A century ago, most funerals took place in the home.
Families lived close together and were part of a tight-knit community, making it possible for friends and relatives to attend funeral ceremonies and make personal visits to console the bereaved. Word-of-mouth was sufficient to advise neighbors and friends that someone had died. Etiquette for those in mourning was strict. Custom dictated wearing black for immediate family members, even children, for lengthy periods following the death. Social activities were severely restricted and condolence or thank-you notes were written on black-bordered, white stationery.
Over the years, funeral etiquette evolved to keep pace with changing lifestyles. Today's funeral etiquette recognizes the need to express grief and sympathy but in a more individualistic and practical way. For instance, black is still most appropriate for funerals, but grey, navy blue and other subdued colors are also acceptable. Those in mourning go back to work or resume social activities just days after a funeral. Today, families often write a short message on a thank-you card provided by the funeral director.

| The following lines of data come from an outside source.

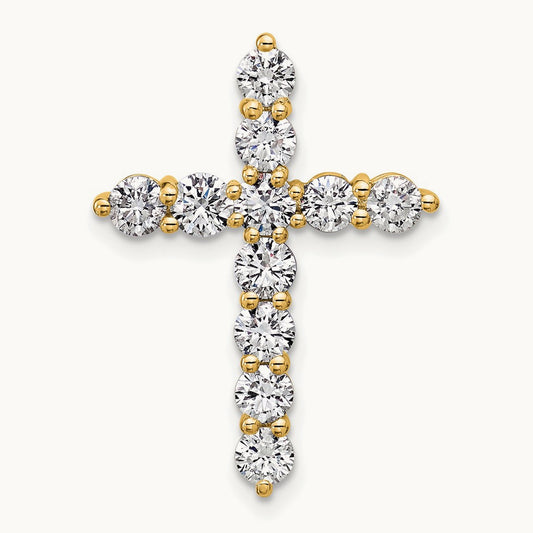 Cross Chain Slide Pendant, 1.50 ct tw Lab-Grown Diamond — 14K Yellow Gold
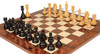 Colombian Knight Staunton Chess Set Ebony & Boxwood Pieces with Walnut Burl & Erable Chess Board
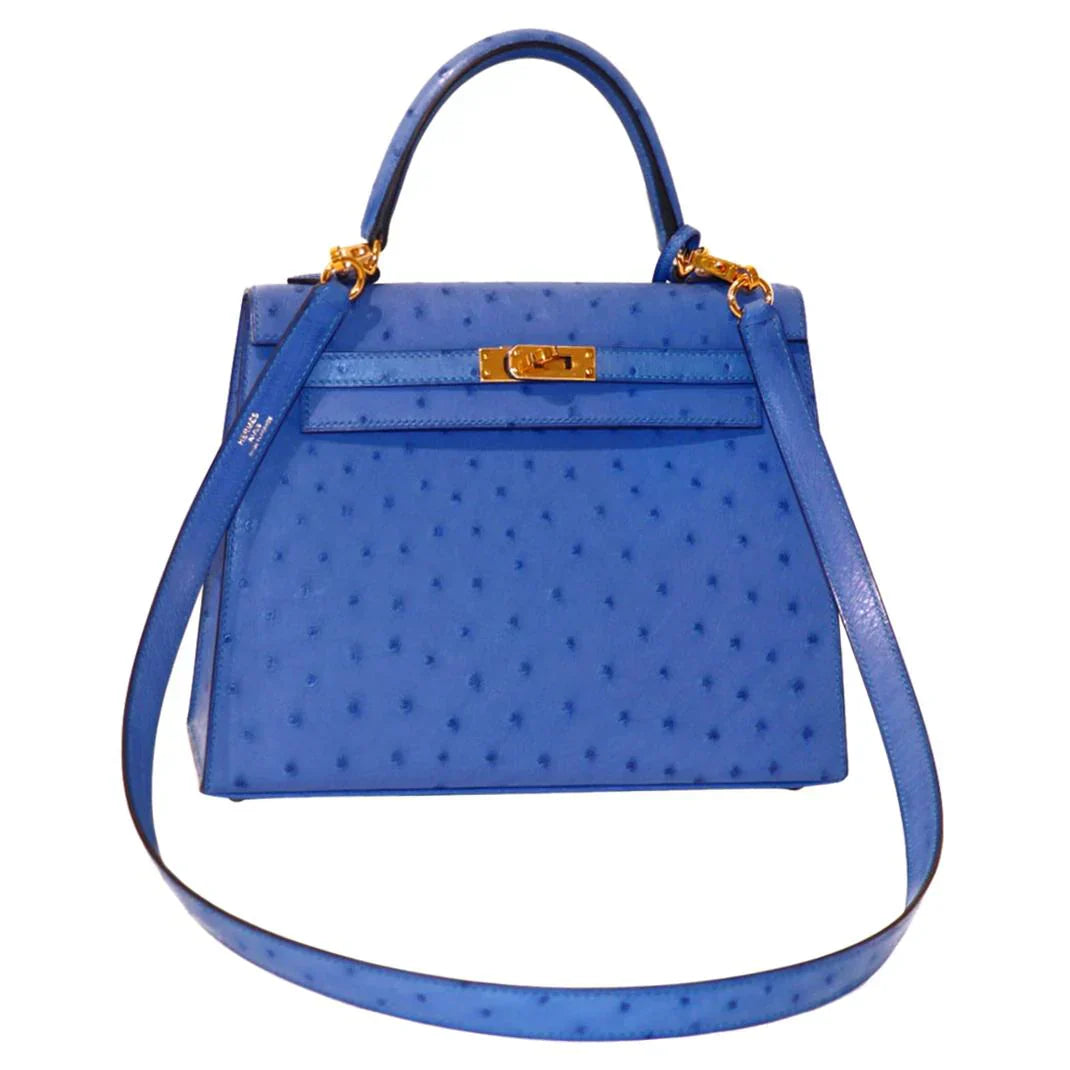 Kelly 25 Sellier Ostrich Bleuet Gold Hardware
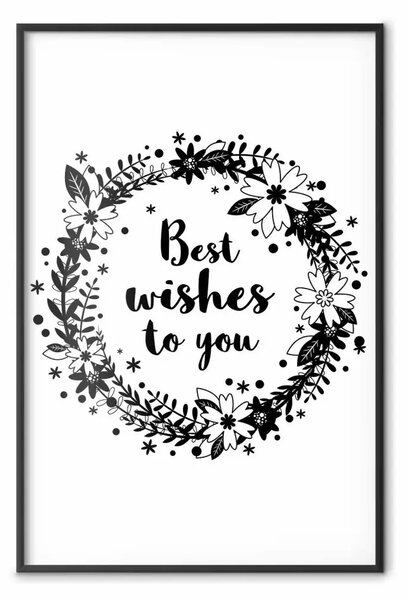 Poster: I migliori auguri a te: piante e iscrizioni bianco e nero
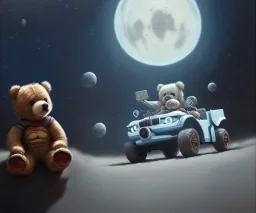 little boy and big teddy bears on moon. drifting in old bmw. oil on canvas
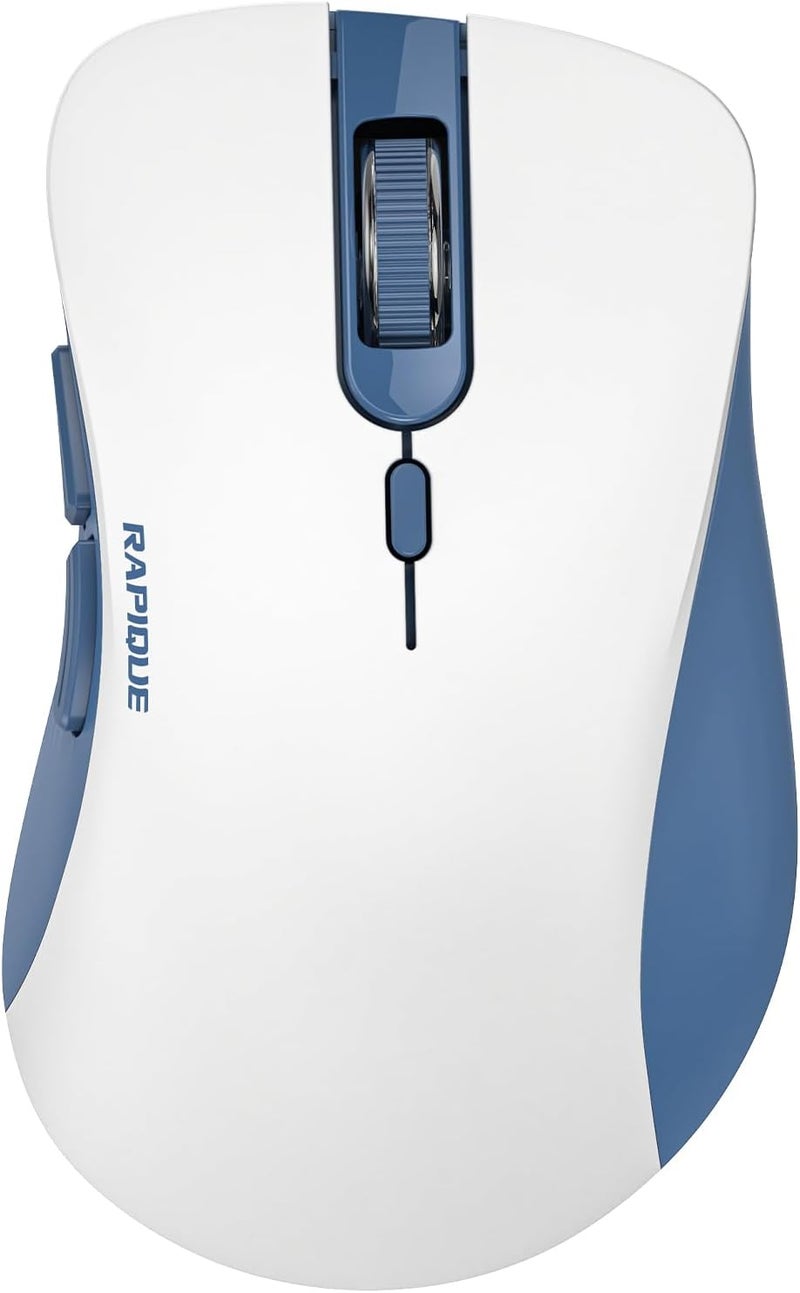RAPIQUE Bluetooth Wireless Mouse - Dual Bluetooth & 2.4 GHz USB Receiver, Ergonomic Design, Quiet Clicks, Low Power - Multi-Device Compatibility for MacBook, Laptop, Computer (Blue and White) - Image 1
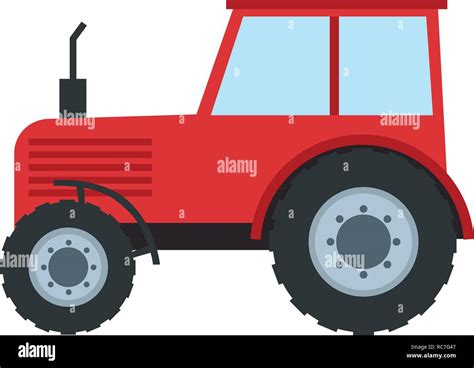 Tractor in flat style. Red tractor isolated on white. Vector illustration Stock Vector Image ...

Communication features provided by the Internet have made even more dramatic changes in the ways we memorialize loved ones and participate in funeral ceremonies. A funeral home in North Syracuse, New York is the first to broadcast funerals live on the Internet to accommodate shut-ins or distant relatives who can't attend services in person. Families give written permission to have any portion of the funeral service transmitted.
Proper etiquette dictates that we treat grieving friends and family with kindness, dignity and consideration. Social and technological changes just give us another way to memorialize loved ones and offer our condolences.